Task to complete: When writing out the listing below, reproduce every word exactly and skip the pictures.
Recorded information section start
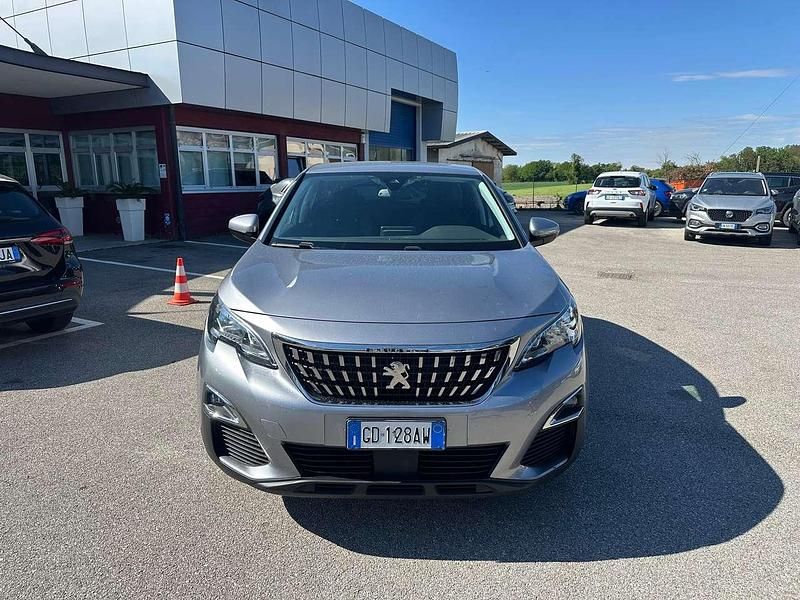 Usata Peugeot 3008 Business-Line 131 CV (96 kW) 2020 Argento SUV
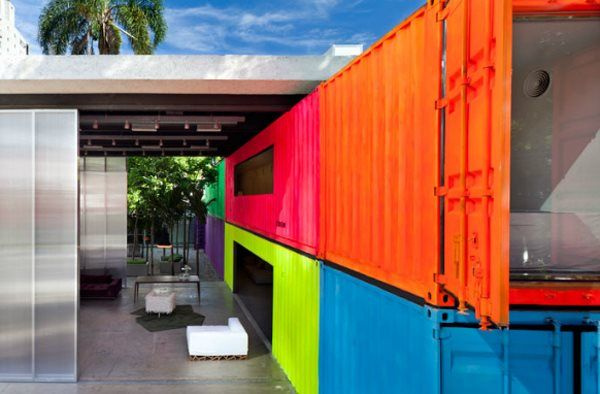 https://0201.nccdn.net/1_2/000/000/189/8ac/colorful-brazilian-container-home-600x394.jpg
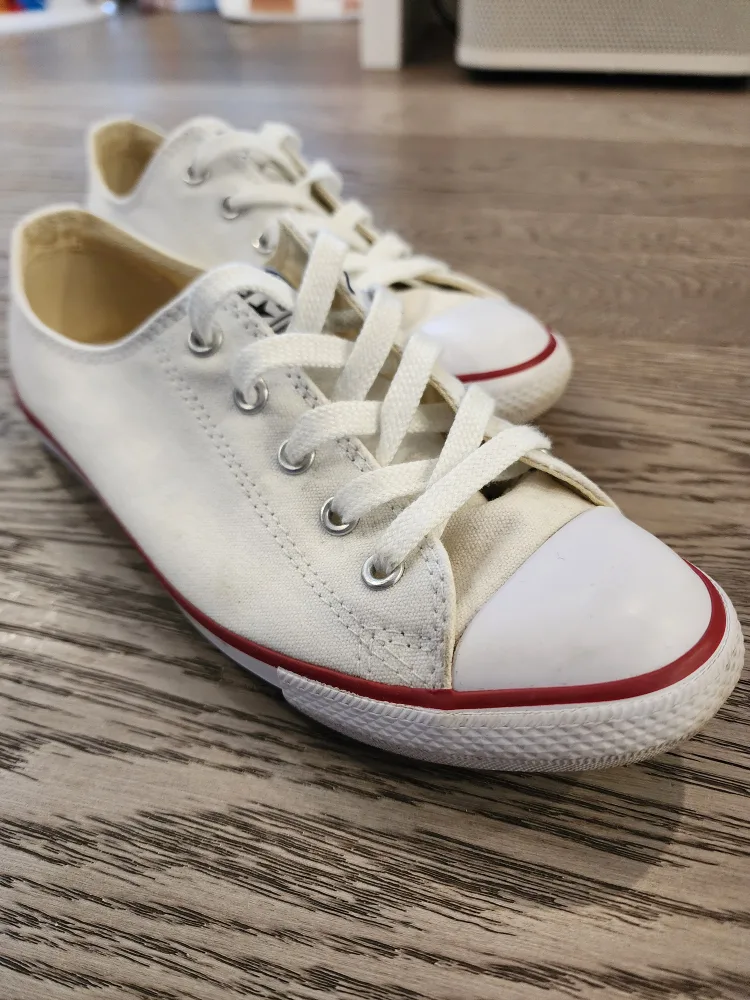 Low cut Converse Shoes Size 7.5 Women's thumbnail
Recorded information section end
Exercise result:
 Usata Peugeot 3008 Business-Line 131 CV (96 kW) 2020 Argento SUV
 https://0201.nccdn.net/1_2/000/000/189/8ac/colorful-brazilian-container-home-600x394.jpg
 Low cut Converse Shoes Size 7.5 Women's thumbnail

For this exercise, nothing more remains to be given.